O discurso da tolerância e do respeito não pode ser uma via de mão única, ou mesmo seletivo, como infelizmente temos visto. As etiquetas são tantas, mas ainda assim, não conseguem abarcar integralmente a essência de quem transcende os critérios das tribos e vê-se de fora de todas elas por não preencher todos os requisitos sociais impostos. Admito que são esses os indivíduos que mais me fascinam.


Mas, como ignorar e silenciar diante do mais novo embate nacional: Millennials x Geração Z? Então vamos brincar com as etiquetas...


Sou Millennial, nascida em 1992. Tomo café da manhã todos os dias religiosamente, amo Harry Potter e Friends, gosto de ter livros físicos, já usei sapatilhas redondas e pago os meus boletos com muito orgulho. Confesso que, secretamente, venho nutrindo há anos um certo estranhamento relacionado aos adolescentes tardios, jovens que chegam próximo aos 25 anos sem estar sequer na iminência de se independerem financeiramente dos pais.

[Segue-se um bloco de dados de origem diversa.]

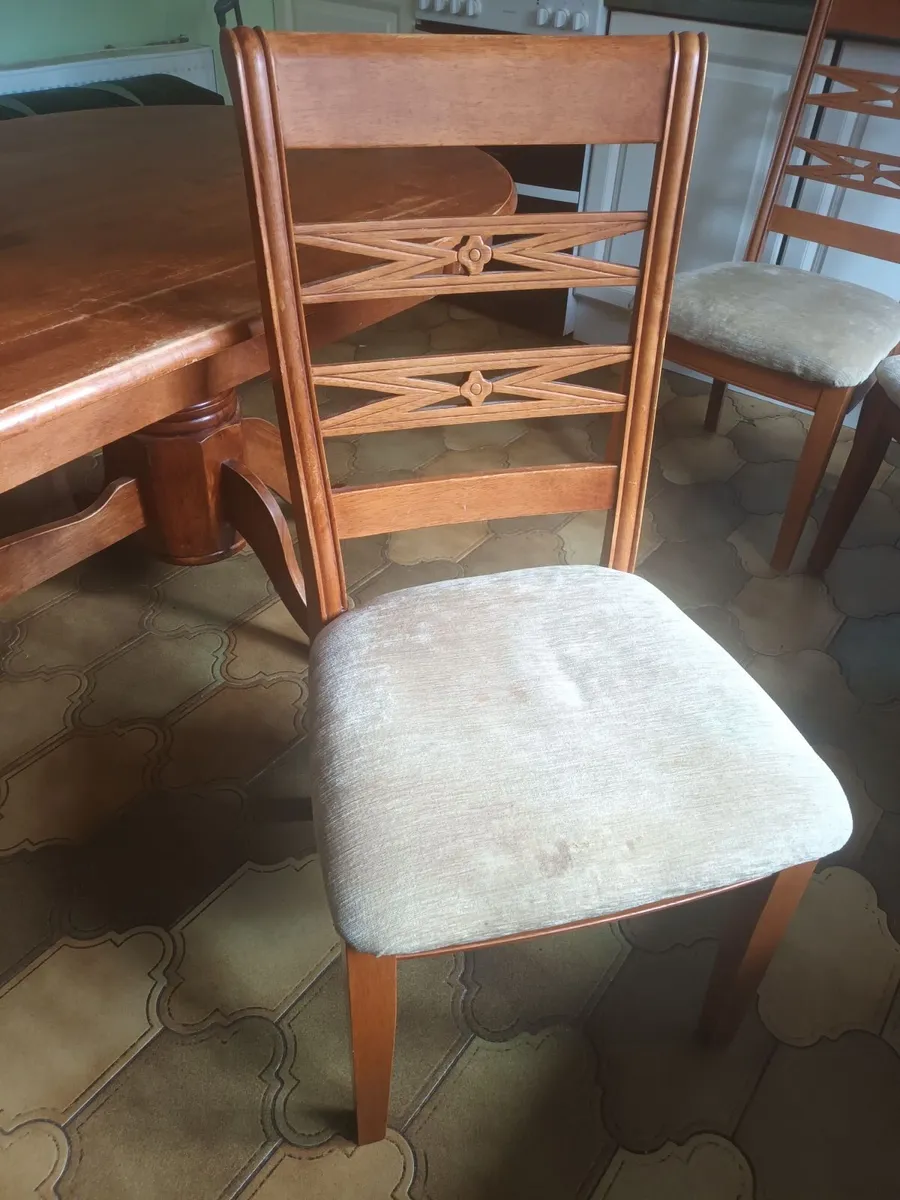 Table and 5 Chairs - Image 3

Sorte, mérito, benção divina, criação, personalidade, de tudo um pouco, que seja. Não vim arrotar uma grande superação e transposição de obstáculos relevantes na vida, pois tenho completa noção do quão privilegiada a minha sempre foi. O fato é que esta millennial foi moldada para a eficiência e praticidade:


Do colégio para a faculdade, da faculdade para o trabalho e, após 11 meses de trabalho, a conquista de um cargo melhor, sem nenhuma sombra de QI (algum GenZ sabe o que é QI?). Não esqueçamos do pacote adicional de casamento e maternidade. Tudo isso antes dos 25. Se as minhas conquistas e os degraus que rapidamente galguei não impressionam e soam totalmente cringe, tudo bem. Só nós mesmos podemos mensurar o nível de esforço, a dor e o mérito de chegar aonde chegamos.


Mas vamos falar de superação de verdade:


Durante quase uma década acompanhei parte da bela trajetória de uma amiga de faculdade, muito cringe, que saiu do interior da Bahia, meteu as caras nos livros, e após muito remar contra a maré, foi aprovada para cursar Direito na Universidade Federal da Bahia, onde fomos colegas.

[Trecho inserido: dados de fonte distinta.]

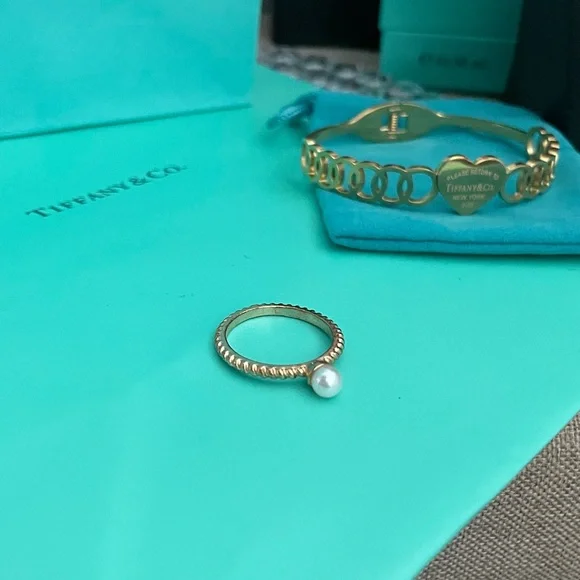 🎉🎉✨Goldtone Twist Pearl Ring✨Preloved Size 8 - Picture 6 of 8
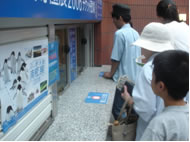 カウンターに「頭上注意」と書かれたチケット売り場。同種の「失敗」は数多く見かける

Lá, ainda na primeira metade do curso, a vi brilhar em estágios em órgãos públicos, ser aprovada no seu primeiro concurso público estadual, trabalhar e estudar ao mesmo tempo, em um curso com um nível de exigência altíssimo, mantendo um desempenho invejável. Poucos anos depois de nos formarmos, ela foi aprovada para um cargo Federal com uma remuneração excelente.

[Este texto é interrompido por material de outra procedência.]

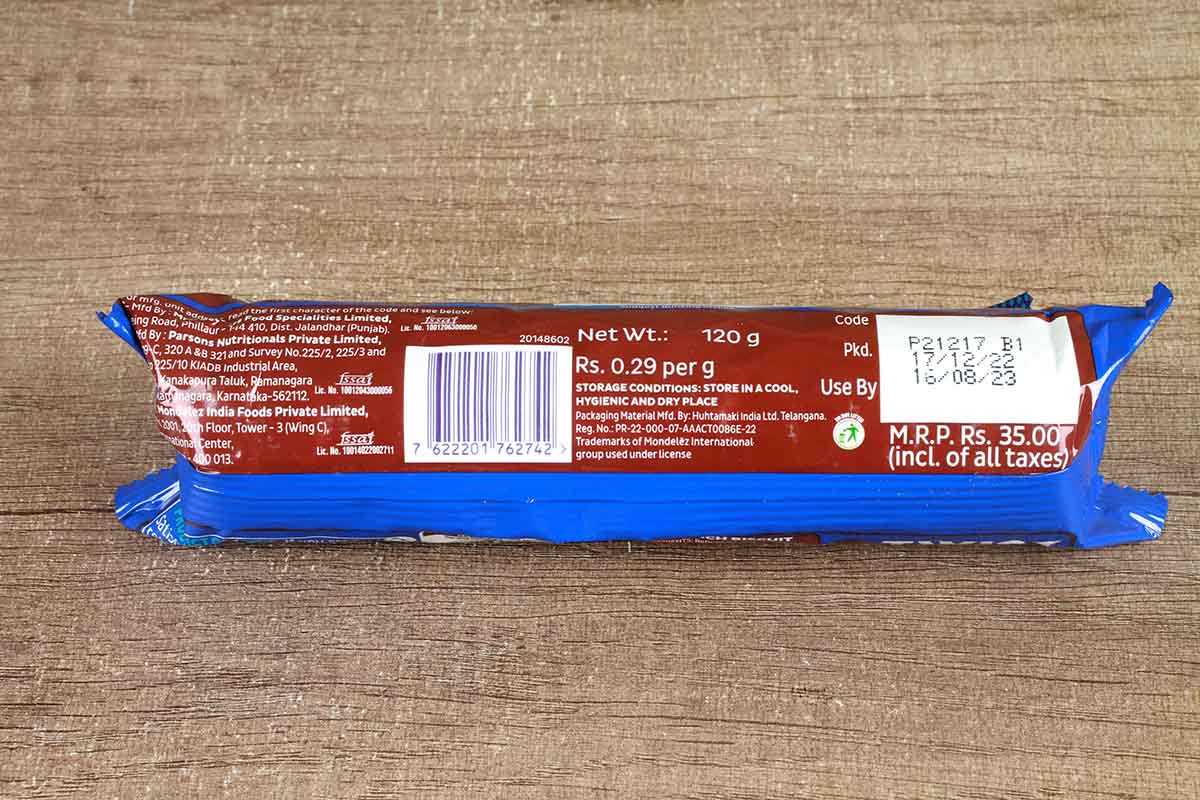 Cadbury Oreo Chocolate Cream Biscuits 108.55 Gm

Sempre tivemos visões políticas e religiosas divergentes, os nossos sonhos para nossas vidas pessoais não poderiam ser mais distintos. Mas sempre nos afinamos nesse ponto: a busca prática e determinada pela nossa autonomia. Sabíamos que essa conquista seria determinante para o sucesso de qualquer projeto pessoal. Sempre quisemos pagar os nossos boletos e, para mim, cringe é não poder pagá-los.


Sei da história de adolescentes tardios da geração Millennials (Y), mas também da X e Baby Boomers (é mais comum do que imaginam), e vejo diversos da Z em vias de se tornarem. Por outro lado, conheço de perto inúmeros X, Y e Zs que desde muito cedo batalharam e conquistaram a sua autonomia.


Vejo, portanto, um quebra-cabeça de incontáveis peças e infinitas possibilidades, avesso à mediocridade dos rótulos críticos. Vejo pessoas realizadas e outras frustradas, em todas as gerações. Vejo nativos digitais deprimidos e dependendo integralmente dos pais, pousando de plenos nas redes sociais. Vejo mulheres e homens feitos, com mais de 30, na mesma situação. Vejo adolescentes abrindo startups de sucesso, crianças ensinando sobre o universo digital e facilitando a vida dos seus avós. Vejo jovens que tomam as rédeas da própria vida aos 20 e poucos. Vejo gente que demora um pouco mais para encontrar o seu caminho, mas quando encontra, deslancha. Vejo gente que não se banca e sabe tão pouco da vida chamando de cringe gente mais velha dona do próprio nariz.


A geração Z está chegando aos 25 anos e fica a questão: como será o mundo construído por esses adultos? Farão jus aos rótulos de que são impacientes, imediatistas, inaptos em lidar com a frustração ou deixarão de ser cringe e entenderão que o século XXI é a era do aprendizado dialógico intergeracional e que o criticismo depreciativo está totalmente fora de moda?